When a 30-foot putt dropped into the cup at the 18th hole for his third straight birdie, Deane Beman threw a punch meant for the wind and other elements of golf that howled at his comeback. He had come to the British Open with a lot to prove -- and had gone about accomplishing a good deal of it.

Now, a 75 might not seem too thrilling to anyone either unacquainted with golf or several thousand miles from the eighth tee of the Ailsa Course shortly after breakfast Thursday. That was where Beman was rocked so hard by a 40-mph gust that he had to step back and reload.
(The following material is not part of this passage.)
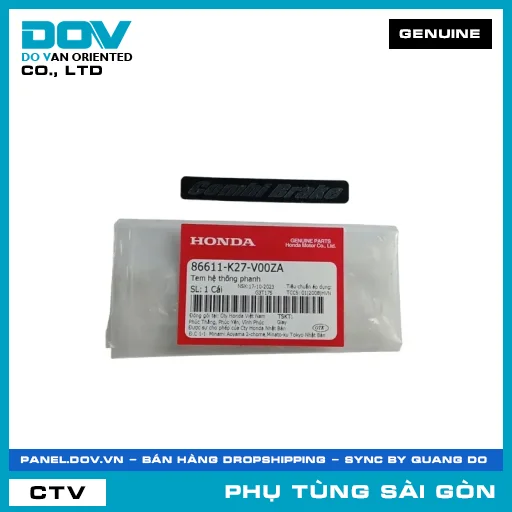 TEM HỆ THỐNG PHANH | HONDA PARTS CODE 86611K27V00ZA — 86611K27V00ZA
Measured against par of 70, what Beman did in round one seems tepid as tap water; measured against the devilish wind and his 12-year absence from even mildly serious competition, that 75 was stunning.

Think not?

The 48-year-old flat on his back about three months ago shot the same first-round score as the winner of last week's pro tour stop, Fuzzy Zoeller, leaving them five back of leader Ian Woosnam.

Raymond Floyd, the winner of the U.S. Open tournament that Beman wasn't in shape to qualify for, blew to 78. So did Masters champ Jack Nicklaus. Bob Tway and Greg Norman could only muster 74s. Curtis Strange barely broke 80; Craig Stadler didn't.

Mac O'Grady can't beat Beman anywhere, it seems. He recently lost the final appeal of the fine and suspension Beman levied a while back; here, he shot one stroke higher than his PGA Tour boss.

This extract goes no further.